Monitoring, Fusion, and Response for Cyber Resilience - October 2019
PI: William Sanders
Researchers: Brett Feddersen, Carmen Cheh, and Uttam Thakore
HARD PROBLEM(S) ADDRESSED
This refers to Hard Problems, released November 2012.
- Resilient Architectures - Experience suggests that even heavily defended systems can be breached by attackers given enough time, resources and talent. We propose the concept of a response and recovery engine (RRE) so that a system could "tolerate" an intrusion and provide a base level of service. RRE incorporates modules to monitor current state of a system, detect intrusions, and respond to achieve resilience-specific goals. Our work focuses on a few example attacks. These attacks include lateral movement within a network as part of an Advanced Persistent Threat (APT), tampering with monitoring data to hide attacker activity, and application-level distributed denial of service attacks (DDoS).
- Policy-Governed Secure Collaboration - We analyzed the issues surrounding the software-defined networking (SDN) architecture from an accountability standpoint, considering various principals involved (e.g., controller software, network applications, administrators, end users, organizations), mechanisms for assurance about past network state (e.g., data provenance, replicated data stores, roots of trust), thoughts on judging and assessing standards for accountability (e.g., legal, contractual, regulatory), and mechanisms for decentralized enforcement (e.g., blockchain-based smart contracts). We motivated the need for accountability though a network application use case, and we argued that an assured understanding of the past for attribution can help lead to taking better responses for resiliency.
PUBLICATIONS
Papers written as a result of your research from the current quarter only.
[1] U. Thakore, H. V. Ramasamy, W. H. Sanders, "Coordinated Analysis of heterogeneous Monitor Data in Enterprise Clouds for Incident Response," to appear in the 30th International Symposium on Software Reliability Engineering (ISSRE 2019).
Abstract: During incident analysis and response, enterprise cloud administrators want to use as much of their generated monitor data as possible.
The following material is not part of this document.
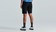 Specialized Women's Trail Shorts Black - MD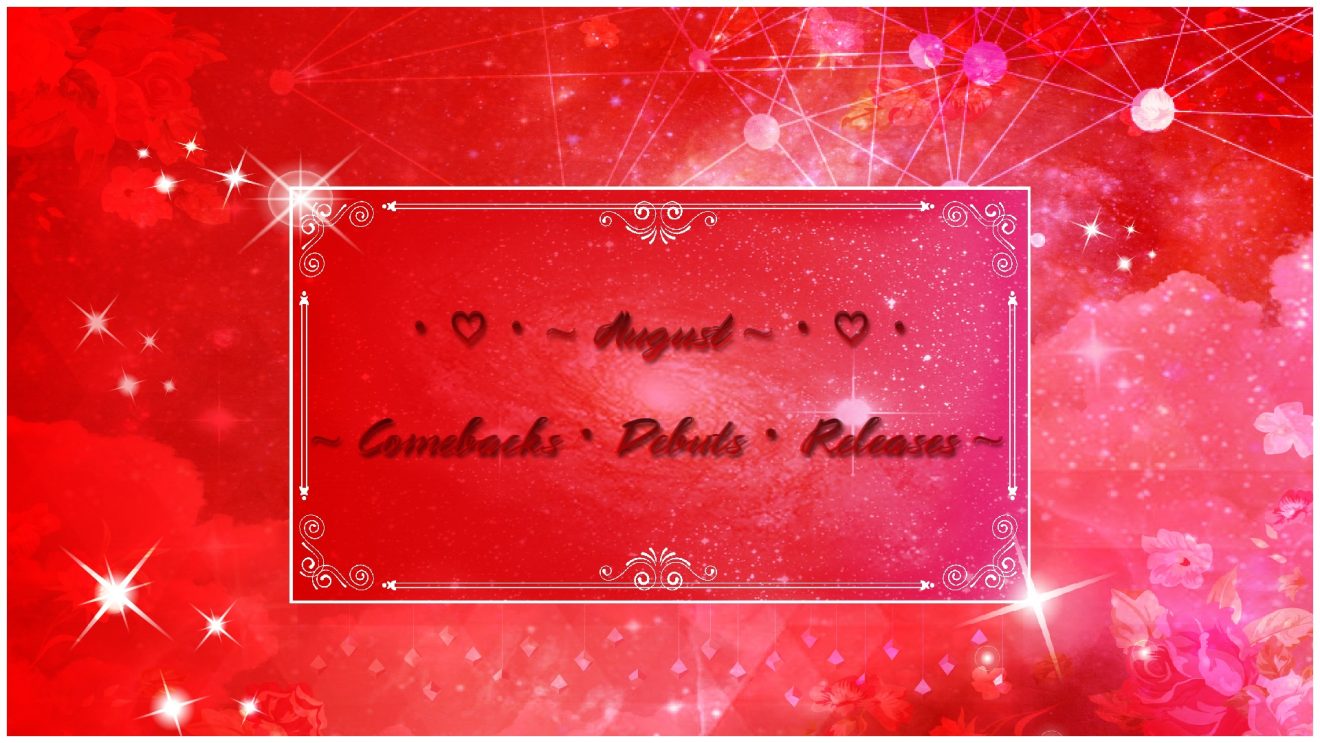 Poll: Who owned MAMAMOO’s ‘Gogobebe’ era? (Updated!) - Kpop Profiles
However, the reality is that decisions are often dictated by the tools actually available to automatically process the monitor data, rather than by an understanding of the relevance of the data for incident response. The significant manual effort and domain expertise required to process diverse cloud monitors means that much monitor data remain unexamined. We propose a framework for simplifying the complexity of data analysis for incident response. Our framework enables coordinated analysis of both metric (numerical) data and log (semi-structured, textual) data and exposes salient features within those data. As a foundation for the framework, we define a taxonomy for fields within monitor data based on insights gained from analyzing logs and metrics collected from all levels of an experimental platform-as-a-service (PaaS) cloud (EPC). Using the taxonomy, we lay out a method for semi-automated feature extraction and discovery across heterogeneous monitors. We then describe a method for feature clustering to promote effective analysis of the data, and to remove redundant and uninformative features. We discuss the application of our framework for incident response within the EPC, including root cause analysis.
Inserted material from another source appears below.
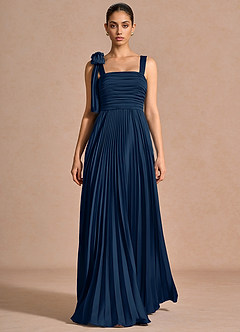 Vestido Armada Maxi Aida image5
[1] C. Cheh, U. Thakore, B. Chen, W.G. Temple, and W.H. Sanders, "Leveraging Physical Access Logs to Identify Tailgating: Limitations and Solutions", to appear in European Dependable Computing Conference.
Abstract: Critical infrastructure facilities use physical access systems to control movement in their facilities. However, the cyber logs collected from such systems are not representative of all human movement in real life, including "tailgating", which is an important problem because it potentially allows unauthorized physical access to critical equipment. In this paper, we identify physical constraints on human movement and use those constraints to motivate several approaches for inferring tailgating from card tap logs. In particular, using our approach, we found 3,999 instances of tailgating in a railway station during a 17-month period. However, certain movement scenarios are not visible in card tap logs. We overcome that limitation by leveraging additional physical data sources to provide information regarding the physical presence of people within a space. We support our findings with an observation experiment that we conducted in a railway station.
KEY HIGHLIGHTS
Each effort should submit one or two specific highlights. Each item should include a paragraph or two along with a citation if available. Write as if for the general reader of IEEE S&P.
The purpose of the highlights is to give our immediate sponsors a body of evidence that the funding they are providing (in the framework of the SoS lablet model) is delivering results that "more than justify" the investment they are making.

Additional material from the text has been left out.